El castrismo, tan huérfano de conceptos,
camina de puntillas frente al tema. Da por dormido
lo que está en fermentación. Un
par de citas de José Martí (quien
no quiso coger el toro por los cuernos) y la tabla
rasa de la escolástica marxista-leninista
que disuelve hasta los trastornos sexuales en
la caldera de la lucha de clases, conforman el
aporte oficial a un debate postergado a lo largo
de 150 años. Al negro se le han abierto
posibilidades con la revolución en la medida
que pusiera mordaza a su negritud. Eso sí,
que saque un pie del redil y ya le cobrarán
por partida doble. Asimismo, los índices
de marginalidad y delincuencia, las características
de la población penal y las crecientes
muestras de rechazo al blanco entre negros nacidos
bajo la dictadura acusan a voz en cuello el pernicioso
agravamiento de injusticias de raíz centenaria.

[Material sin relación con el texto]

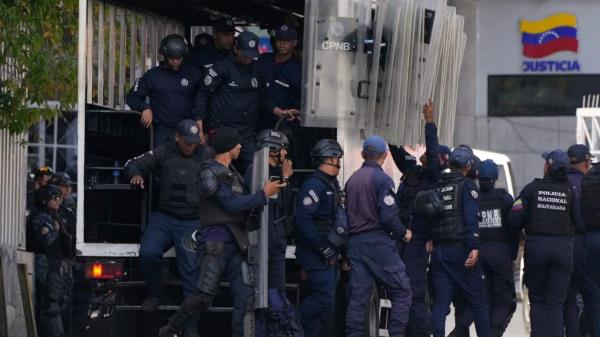 委内瑞拉宣布释放大批囚犯，以和平姿态展现国家和解新篇章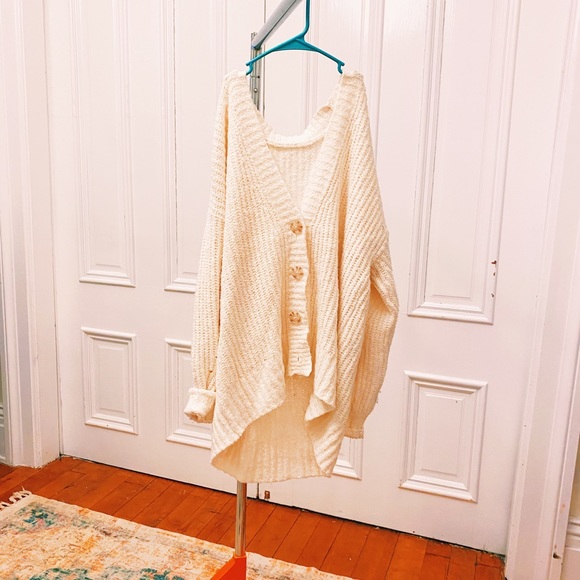 Sweaters - Tortoise Button Ultra Soft Chunky Babydoll Cardi🍁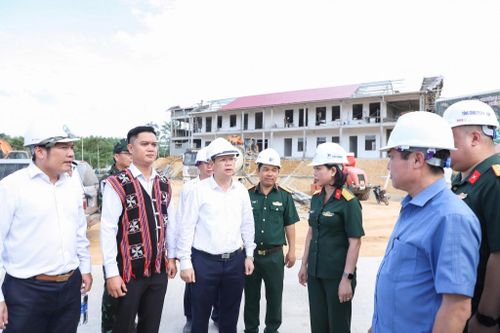 Phó Bí thư Thành ủy, Chủ tịch UBND thành phố Đà Nẵng Nguyễn Mạnh Hùng kiểm tra công trình trường học biên giới. Ảnh: Tấn Tài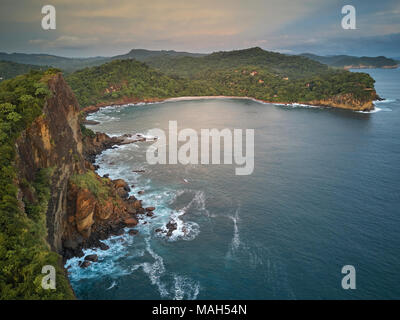 Aquawellness bay in Nicaragua antenna fatto vista sul tramonto luce tempo Foto Stock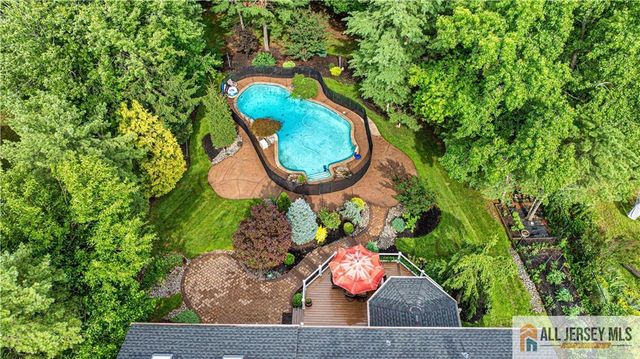 6 Limoli Court, Edison, NJ 08820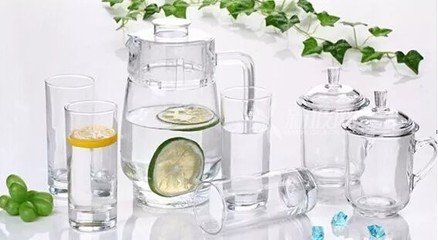 我國日用玻璃產業(yè) 年耗2000萬噸石英砂的繁榮與挑戰(zhàn)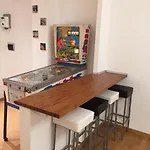 The Pinball House Only 5 Min From Downtown Apartamento Milão
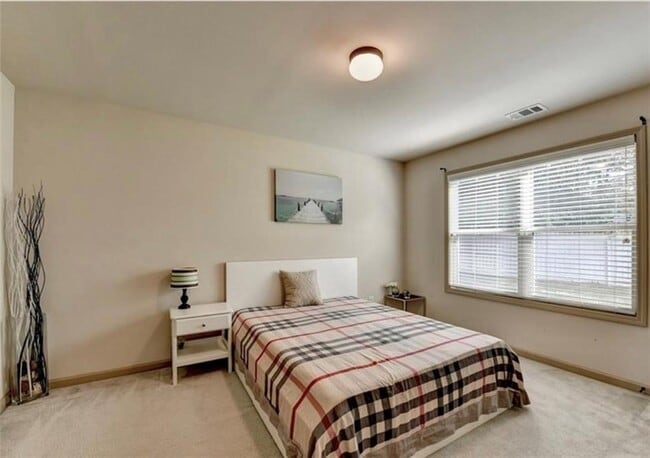 Building Photo - 3248 Sag Harbor Ct NE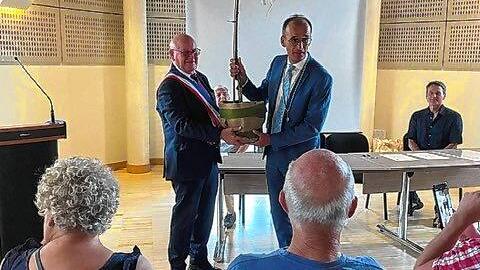 Die Bürgermeister Loïc Le Trionnaire (links) und Bürgermeister Jörg Frey bei der Geschenkübergabe. Foto: Gemeinde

Cuba tuvo una rebelión negra en 1912.
A pesar de su punzante singularidad, es un capítulo
poco citado y pobremente estudiado de nuestra
historia. Hoy, la esperanza de que el país
retome el camino de la libertad debe obligarnos
a abordar nuestra identidad en toda su monumental
complejidad. Cuanto antes y sin tapujos. Desde
la antropología a la economía, desde
la religión a la canción popular.
Estamos en pleno siglo XXI y la mayoría
de los blancos cubanos no tenemos la más
remota idea de lo que es ser negro. La asimilación,
si no corre a dos vías, conduce a la opresión.
No por sutil menos repugnante. En la inapelable
realidad de nuestro ajedrez, de cara a un futuro
con todos y para el bien de todos, ya es hora
de que a los negros les toque jugar con las blancas.